**Task requirements**
From the line containing "Lazarus #2 —" to the last line of the listing, both included, copy every line exactly and drop the pictures.

■ ■ ■ ■ ■

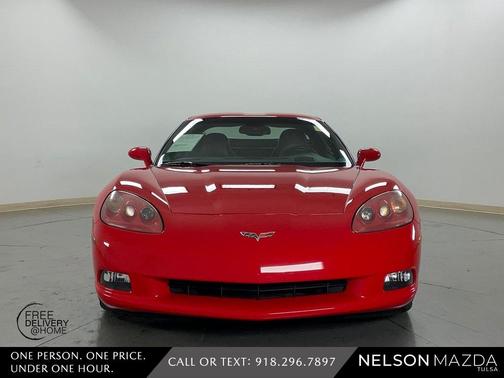 2010 Chevrolet Corvette Base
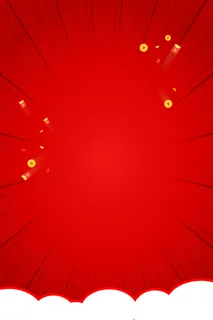 红色背景底纹图高清 红色背景底纹图高清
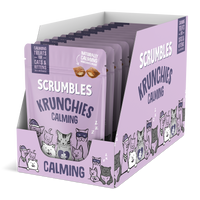 Krunchies: Calming Cat Treats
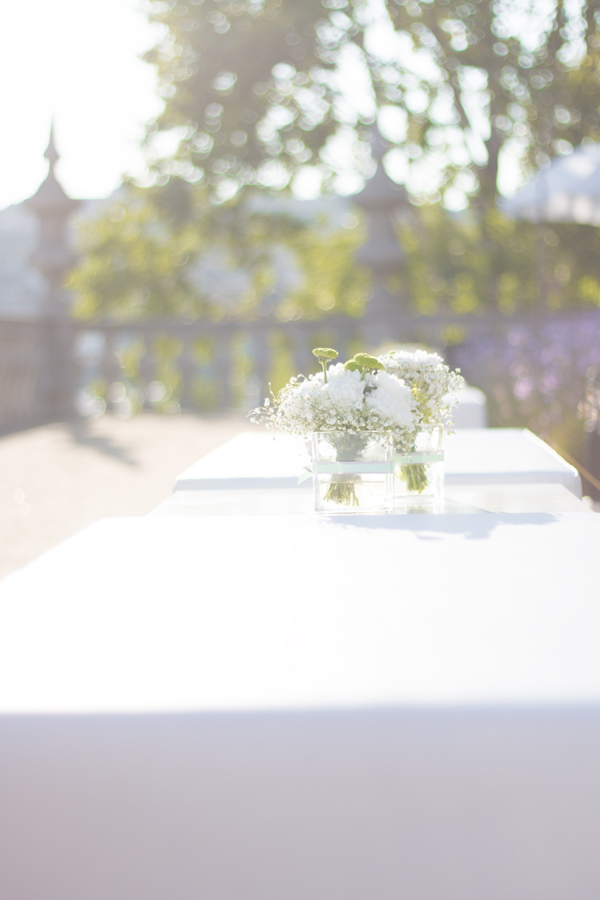 Decoração de casamento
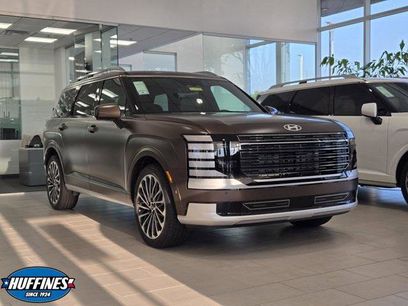 New 2026 Hyundai Palisade Calligraphy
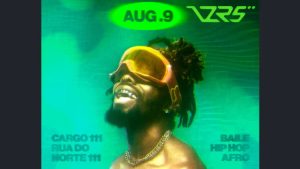 Lazarus #2 — Uma Noite Afro, Hip-Hop e Baile no Cargo 111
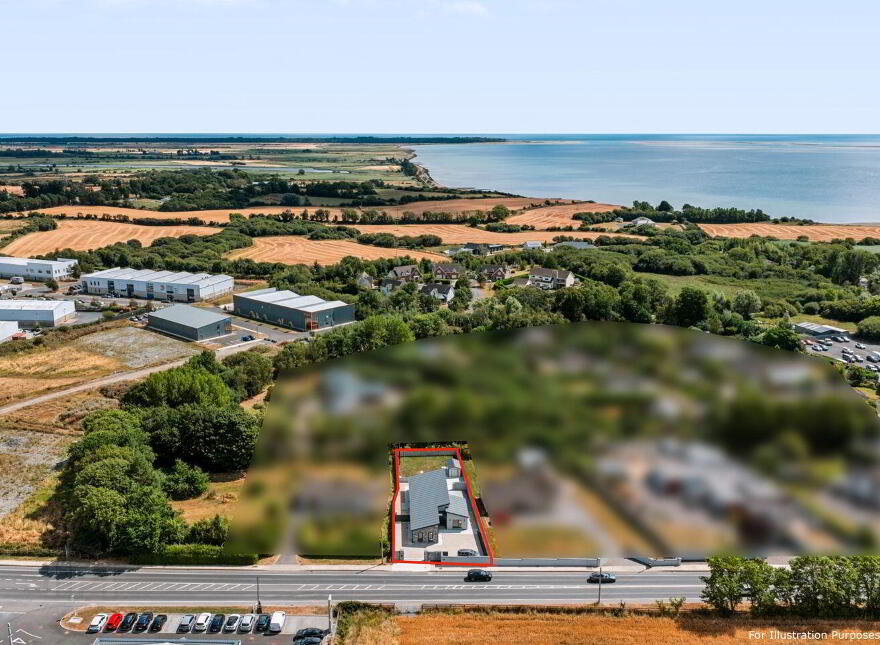 Thislldome, Ardcavan, Wexford Town, Y35W1W6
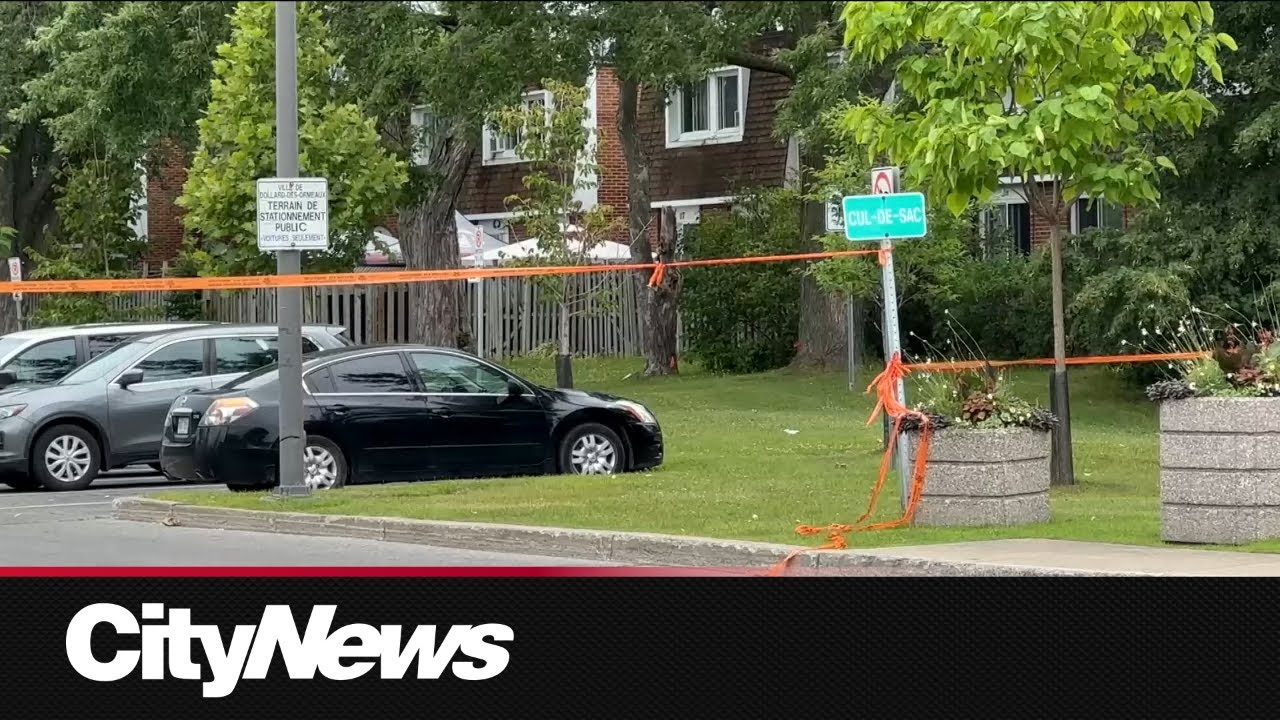 Three injured after 30 to 40 gunshots fired on Montreal’s West Island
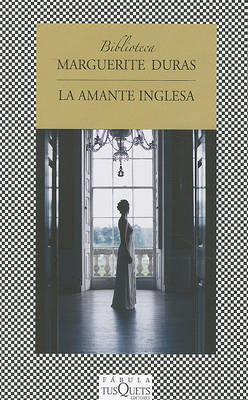 Book cover for La Amante Inglesa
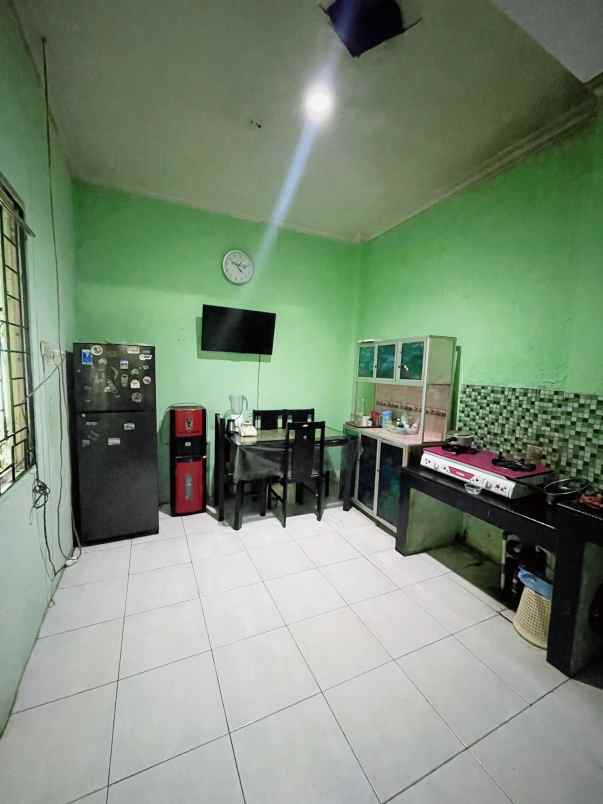 over kredit 180juta rumah maharaja depok sawangan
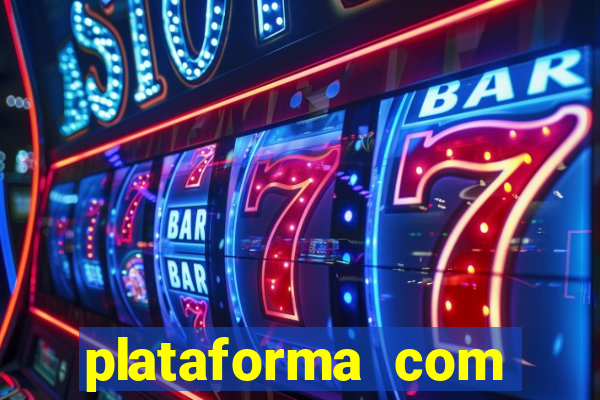 plataforma com bonus de cadastro saque free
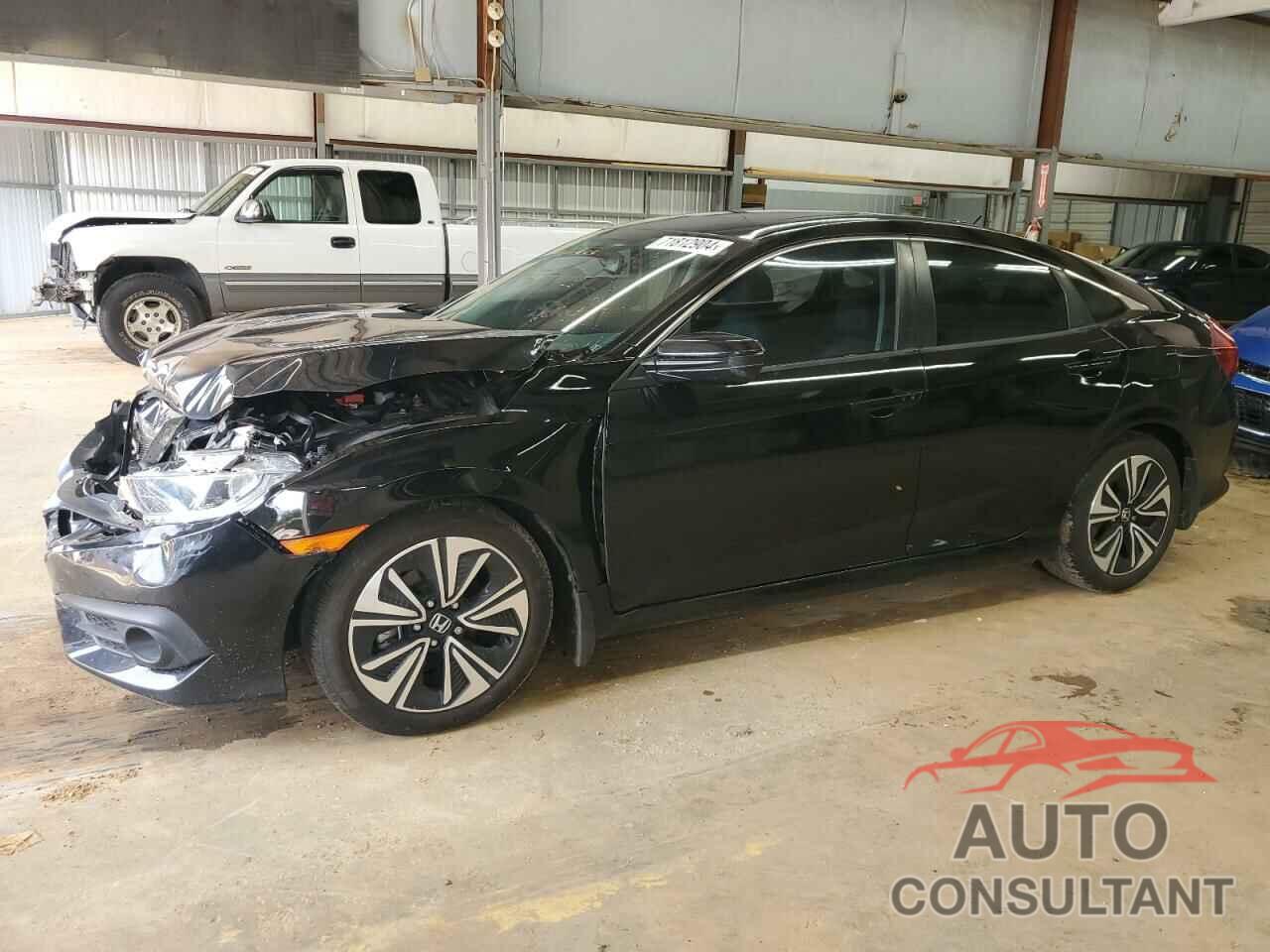 HONDA CIVIC 2017 - 2HGFC1F79HH646299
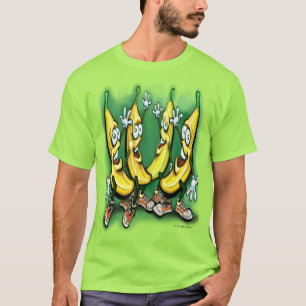 Bananen T-Shirt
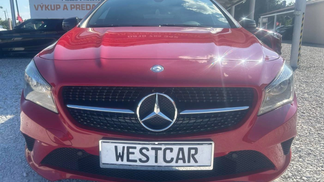 Lízing Kombi MERCEDES CLA 2015
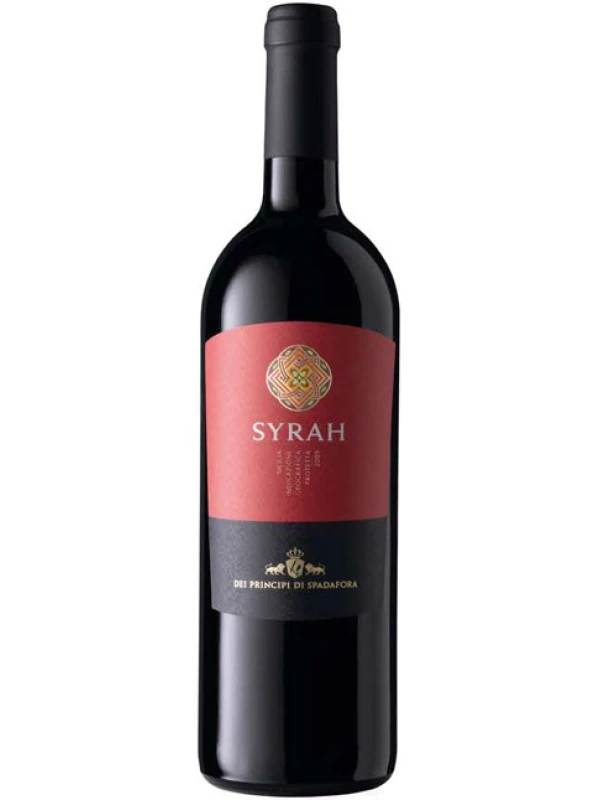 Azienda Agricola Spadafora, Syrah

■ ■ ■ ■ ■

**Expected answer**
 Lazarus #2 — Uma Noite Afro, Hip-Hop e Baile no Cargo 111
 Thislldome, Ardcavan, Wexford Town, Y35W1W6
 Three injured after 30 to 40 gunshots fired on Montreal’s West Island
 Book cover for La Amante Inglesa
 over kredit 180juta rumah maharaja depok sawangan
 plataforma com bonus de cadastro saque free
 HONDA CIVIC 2017 - 2HGFC1F79HH646299
 Bananen T-Shirt
 Lízing Kombi MERCEDES CLA 2015
 Azienda Agricola Spadafora, Syrah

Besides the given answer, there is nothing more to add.